- 16.05.2014 00:00
Sözün bittiği yerdeyiz. Ne söylesek anlamı yok...
Soma’da ekmek parası için maden ocağına giren işçiler yine hayatlarını kaybettiler.
Kazanın olduğu sırada 787 işçinin madende olduğu bilgisi verildi ve an itibarıyla 205 işçinin yaşamını kaybettiği bildiriliyor. Halen madende 300 dolayında işçi bulunduğu bilgisi var. Ümitler büyük oranda kayboluyor. Anlaşılan ölü sayısı daha da artacak...
Soma maden faciası Türkiye’nin en büyük, dünyada ise en acı maden kazaları arasında yerini daha şimdiden aldı.
1900’lü yıllarda rastladığımız bir kaza türüne benziyor.
Oysaki maden kazalarının önlenmesi için iş güvenliği tekniklerinde dünyada oldukça ilerleme sağlanmasına rağmen Soma faciası daha şimdiden ağır ihmal nedeniyle ortaya çıkmış bir kazaya benziyor.
Hep yazdık ve yazmaya devam ediyoruz.
İş güvenliğinde en önemli önlem; insan hayatına karşı ahlaki ve vicdani bir sorumluluk bilinci ve bir davranış kültürü yaratmaktır.
Yasal, teknik ve eğitim önlemleri ile kamu denetimlerinin sürekli ve düzenli yapılması bundan sonra gelen hayati önlemler olarak düşünülmelidir.

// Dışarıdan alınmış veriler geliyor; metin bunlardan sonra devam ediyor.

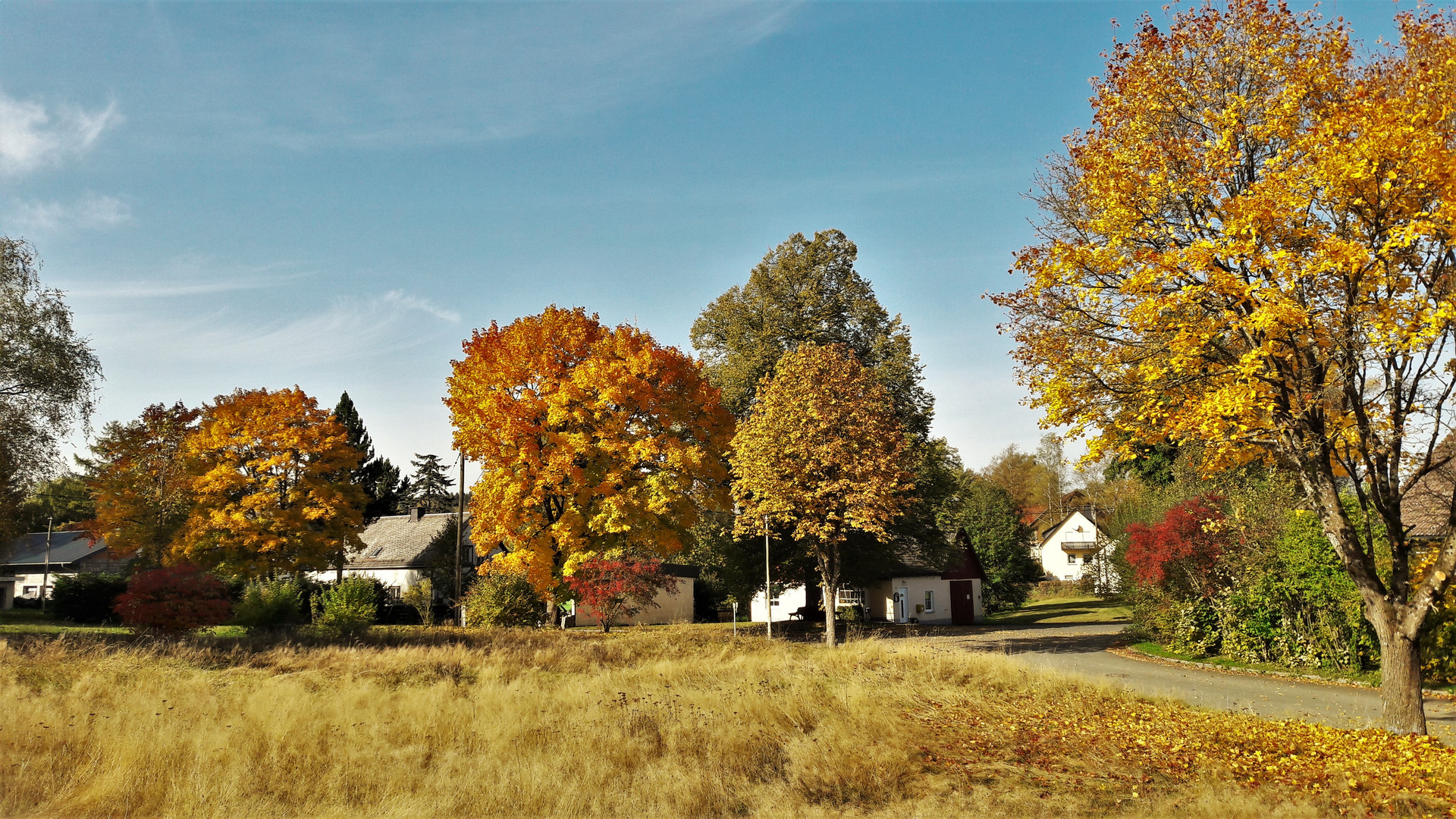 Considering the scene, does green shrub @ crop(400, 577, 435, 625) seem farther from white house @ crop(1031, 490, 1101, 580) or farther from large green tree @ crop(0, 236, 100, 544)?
white house @ crop(1031, 490, 1101, 580)

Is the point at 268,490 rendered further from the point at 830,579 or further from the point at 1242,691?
the point at 1242,691

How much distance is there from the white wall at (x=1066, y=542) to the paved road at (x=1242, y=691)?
5153 centimetres

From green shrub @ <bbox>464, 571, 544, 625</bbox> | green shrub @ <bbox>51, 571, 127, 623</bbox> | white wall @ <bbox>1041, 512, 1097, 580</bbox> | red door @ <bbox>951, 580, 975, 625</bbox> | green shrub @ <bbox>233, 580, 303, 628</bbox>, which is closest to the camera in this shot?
green shrub @ <bbox>233, 580, 303, 628</bbox>

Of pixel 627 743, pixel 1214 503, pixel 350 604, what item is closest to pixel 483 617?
pixel 350 604

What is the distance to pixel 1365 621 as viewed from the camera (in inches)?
760

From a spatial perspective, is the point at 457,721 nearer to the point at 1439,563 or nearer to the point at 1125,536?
the point at 1439,563

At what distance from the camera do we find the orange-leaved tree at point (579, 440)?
28.8 m

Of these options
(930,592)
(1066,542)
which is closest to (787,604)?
(930,592)

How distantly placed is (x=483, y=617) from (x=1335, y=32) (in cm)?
2992

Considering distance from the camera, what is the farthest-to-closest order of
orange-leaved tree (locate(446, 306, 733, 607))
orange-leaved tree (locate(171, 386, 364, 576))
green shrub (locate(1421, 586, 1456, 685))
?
orange-leaved tree (locate(171, 386, 364, 576)), orange-leaved tree (locate(446, 306, 733, 607)), green shrub (locate(1421, 586, 1456, 685))

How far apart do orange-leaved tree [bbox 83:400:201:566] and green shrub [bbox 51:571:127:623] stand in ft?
5.72

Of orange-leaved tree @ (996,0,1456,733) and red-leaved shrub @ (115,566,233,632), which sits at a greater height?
orange-leaved tree @ (996,0,1456,733)

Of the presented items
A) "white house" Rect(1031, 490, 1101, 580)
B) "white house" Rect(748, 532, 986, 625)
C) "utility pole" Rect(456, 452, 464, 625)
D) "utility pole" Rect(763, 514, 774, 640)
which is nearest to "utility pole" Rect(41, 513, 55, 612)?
"utility pole" Rect(456, 452, 464, 625)

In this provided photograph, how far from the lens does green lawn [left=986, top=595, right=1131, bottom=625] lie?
43.3 metres
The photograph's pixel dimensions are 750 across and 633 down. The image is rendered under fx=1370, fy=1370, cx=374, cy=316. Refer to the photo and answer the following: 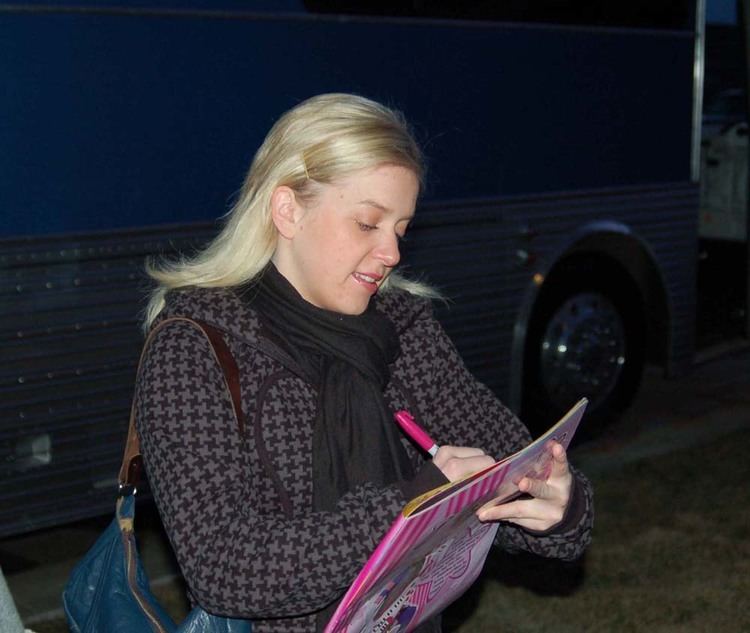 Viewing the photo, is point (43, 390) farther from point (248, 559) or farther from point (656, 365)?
point (656, 365)

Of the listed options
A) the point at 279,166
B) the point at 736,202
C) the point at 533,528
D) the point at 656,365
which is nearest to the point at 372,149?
the point at 279,166

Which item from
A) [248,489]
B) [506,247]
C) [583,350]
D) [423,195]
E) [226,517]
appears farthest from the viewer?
[583,350]

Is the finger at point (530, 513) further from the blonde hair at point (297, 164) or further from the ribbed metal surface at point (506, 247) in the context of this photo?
the ribbed metal surface at point (506, 247)

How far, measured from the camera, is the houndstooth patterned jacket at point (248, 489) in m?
1.85

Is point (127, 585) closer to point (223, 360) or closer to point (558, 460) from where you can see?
point (223, 360)

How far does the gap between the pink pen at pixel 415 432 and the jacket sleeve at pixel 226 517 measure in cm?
18

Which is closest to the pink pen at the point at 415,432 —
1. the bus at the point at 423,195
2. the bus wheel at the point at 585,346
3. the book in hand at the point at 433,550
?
the book in hand at the point at 433,550

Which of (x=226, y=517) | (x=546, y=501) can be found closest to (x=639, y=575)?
(x=546, y=501)

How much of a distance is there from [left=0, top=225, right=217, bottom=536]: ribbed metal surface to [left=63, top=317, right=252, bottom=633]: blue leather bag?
192cm

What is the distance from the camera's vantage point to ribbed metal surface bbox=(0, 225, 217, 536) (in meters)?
4.04

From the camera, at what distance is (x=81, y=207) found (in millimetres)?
4105

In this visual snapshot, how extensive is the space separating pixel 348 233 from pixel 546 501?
51 cm

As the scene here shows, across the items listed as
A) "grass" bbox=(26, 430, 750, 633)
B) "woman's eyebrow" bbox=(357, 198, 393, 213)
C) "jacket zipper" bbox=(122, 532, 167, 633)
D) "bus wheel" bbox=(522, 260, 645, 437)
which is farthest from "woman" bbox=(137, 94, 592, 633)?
"bus wheel" bbox=(522, 260, 645, 437)

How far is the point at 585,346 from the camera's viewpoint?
6.13 metres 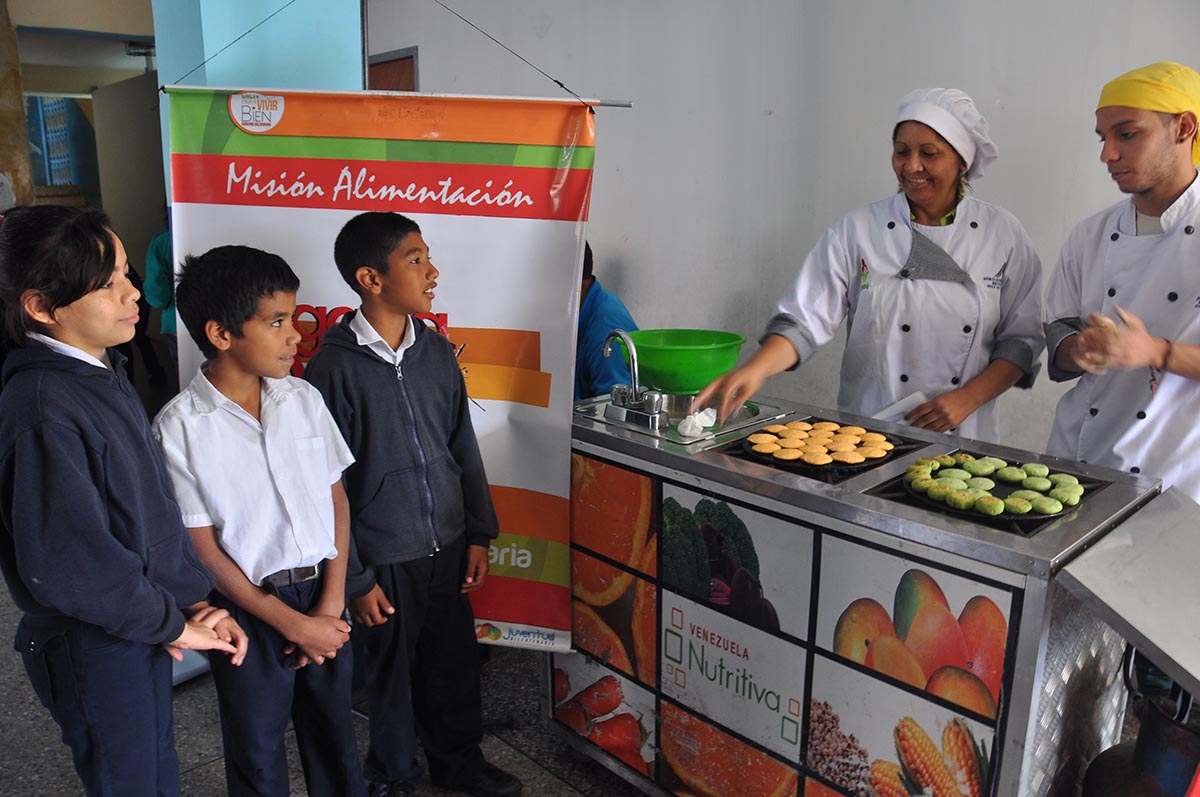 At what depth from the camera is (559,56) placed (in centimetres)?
400

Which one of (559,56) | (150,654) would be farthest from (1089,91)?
(150,654)

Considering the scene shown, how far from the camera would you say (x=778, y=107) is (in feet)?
10.5

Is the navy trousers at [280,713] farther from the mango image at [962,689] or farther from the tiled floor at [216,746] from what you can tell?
the mango image at [962,689]

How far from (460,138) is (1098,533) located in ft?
5.16

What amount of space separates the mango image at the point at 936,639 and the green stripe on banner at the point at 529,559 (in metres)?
0.91

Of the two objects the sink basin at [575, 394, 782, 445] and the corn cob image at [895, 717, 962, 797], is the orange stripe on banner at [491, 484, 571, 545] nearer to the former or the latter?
the sink basin at [575, 394, 782, 445]

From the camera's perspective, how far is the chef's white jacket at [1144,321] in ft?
5.87

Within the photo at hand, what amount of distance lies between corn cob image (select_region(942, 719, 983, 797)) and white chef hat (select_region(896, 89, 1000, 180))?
133 cm

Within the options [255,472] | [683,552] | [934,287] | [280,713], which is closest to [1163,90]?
[934,287]

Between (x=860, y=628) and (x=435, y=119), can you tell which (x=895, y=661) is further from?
(x=435, y=119)

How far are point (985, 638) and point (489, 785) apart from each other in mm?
1306

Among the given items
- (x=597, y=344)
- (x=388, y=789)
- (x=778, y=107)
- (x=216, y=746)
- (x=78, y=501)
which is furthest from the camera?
(x=778, y=107)

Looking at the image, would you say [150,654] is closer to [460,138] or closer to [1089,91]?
[460,138]

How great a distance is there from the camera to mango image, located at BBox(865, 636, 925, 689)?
1.45 m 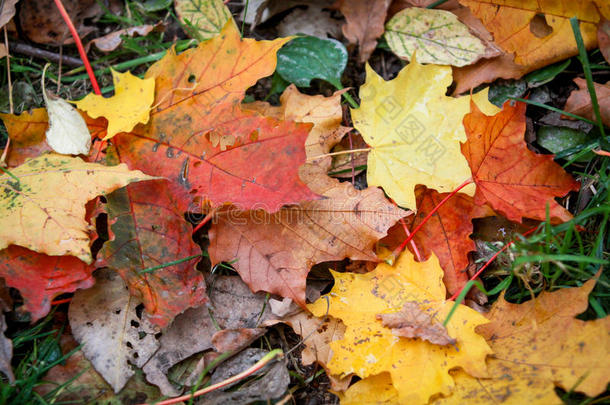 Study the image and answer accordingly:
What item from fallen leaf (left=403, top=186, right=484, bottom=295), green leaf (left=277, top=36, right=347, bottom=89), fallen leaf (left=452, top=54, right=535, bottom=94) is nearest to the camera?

Soma faciası bize insan hayatına karşı duyulan sorumluluk anlayışımızın neresinde olduğumuzu bir kez daha acı bir şekilde hatırlattı.
Soma’da kazanın olduğu maden ocağı işletmesinin resmî web sayfasında iş sağlığı ve güvenliği konusunda “örnek” durumda olduklarını belirtiyor. Çalışma Bakanlığı, yapmış olduğu son denetimlerde “iş güvenliği açısından hiçbir sorun görülmediğini” söylüyor.
Ama sonuç bu tespitleri doğrulamıyor.
İş kazalarına bu gidişle daha ne kadar insanımızı kurban vereceğiz bu belli değil...
Enerji ve Tabii Kaynaklar Bakanı ve ilgili bakanlık yetkilileri ile Çalışma Bakanı ve ilgili bakanlık yetkilileri derhal istifa etmelidir. Manisa Valisi, Soma Kaymakamı gibi yerel yetkililer derhal istifa etmelidir.
Maden ocağı sahibi şirket ve sorumluları hakkında derhal adli ve idari soruşturma başlatılarak gereği yapılmalı, sorumluluğu olanlar cezalandırılmalıdır.
İş sağlığı ve güvenliği yasasına aykırı davrananlara ağır hapis cezaları getirilmelidir.Yasa ve yönetmeliklerdeki eksikler giderilmelidir.
Kazada yaşamını kaybetmiş ve yaralı olan işçilerin yasal tüm hakları ve tazminatları varislerine ve ailelerine derhal ödenmelidir.
Bu ibretlik faciadan sonra ülke düzeyinde halen faaliyette olan maden ocaklarında tüm iş güvenliği önlemleri yeniden denetlenmeli ve bu denetimler sık aralıklarla yinelenmelidir. Çalışma Bakanlığı her maden ocağı için doğrudan kendine bağlı bir iş güvenliği ekibiyle denetimleri sürekli duruma getirmelidir.
Maden işçilerinin iş sağlığı eğitimleri yılda en az iki kez uygulamalı olarak yapılmalıdır.
Tüm sendikalar bu faciayı protesto etmek için hep birlikte “sessiz ölüm” yürüyüşü gerçekleştirmelidir.
Tüm bunların yapılması herkese ders olması için, facianın unutulması veya unutturulmaması için, tarihe iz bırakmak için gerekli olanlardır.
Daha önceki yazılarımda belirttiğim gibi Türkiye, iş kazaları sayısında ve sonuçları bakımından Avrupa’da birinci, dünyada ise üçüncü sırada, bu durum böyle giderse değişecek ve herhalde dünyada da birinci olacağız.
İnsan hayatına verdiğimiz önemin ne düzeyde olduğunun bir başka önemli göstergesi de, Türkiye iş sağlığı ve güvenliğinde bir yasaya 20.06.2012 tarihinde ilk kez kavuştu ve yasa halen tam olarak uygulanamıyor.
Bir zamanlar Tuzla tersanelerindeki iş kazalarının ölümlü sonuçları, şimdi ise Soma maden faciası yüreğimizi yakıyor.
Ancak unutuyoruz, önemsemiyoruz, yeri geldiğinde alınyazısı diyerek kendimizi teselli ederek avutuyoruz. Tüm bunların nedeni, bu ülkede insan hayatının değeri yok, insana karşı sosyal sorumluluğu gelişmiş bir devlet anlayışı yok.